Surveys indicate a growing acceptance among a significant portion of GOP voters towards Trump's authoritarian language.

Donald Trump's repetition of rhetoric reminiscent of infamous fascists stems from his belief that it will aid in acquiring power—and polling data indicates his assumptions might be accurate.

Instead of using his social media presence on Veterans Day to honor military service, former President Donald Trump released a statement vowing to 'root out Communists, Marxists, Fascists, and Radical Left Thugs.' This rhetoric echoed historical figures like Hitler and Mussolini, yet Trump continued similar messaging at an event in New Hampshire.

Trump's use of language paralleling historical figures extends to statements about immigrants 'poisoning the blood of our country,' reminiscent of Adolf Hitler's phrasing in 'Mein Kampf.'

While shocking to witness parallels to 'Mein Kampf' in a likely presidential nominee, understanding Trump's motivations is crucial. This aligns with his overtly authoritarian platform and aspirations for a swift dictatorship. Equally significant is acknowledging the political impact: Trump employs fascist echoes with confidence, believing in its effectiveness.

A recent Des Moines Register/NBC News/Mediacom Iowa Poll reveals that a significant number of potential Iowa Republican caucus attendees don't take issue with several of Trump's recent controversial remarks. Surprisingly, many of them claim that these very statements are more likely to garner their support for the former president.

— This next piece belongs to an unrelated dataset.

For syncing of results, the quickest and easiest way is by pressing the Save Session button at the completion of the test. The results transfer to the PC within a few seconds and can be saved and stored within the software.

The survey results revealed that 42% of potential GOP caucus attendees are more inclined to support Trump due to his 'poisoning the blood' remarks, while 43% are swayed by his fascistic references to American 'vermin.' Similarly, a national Fox News poll posed a question about the need for a president willing to bend rules and laws to fix issues. Surprisingly, 30% of identified Trump supporters expressed support for a president operating outside established rules.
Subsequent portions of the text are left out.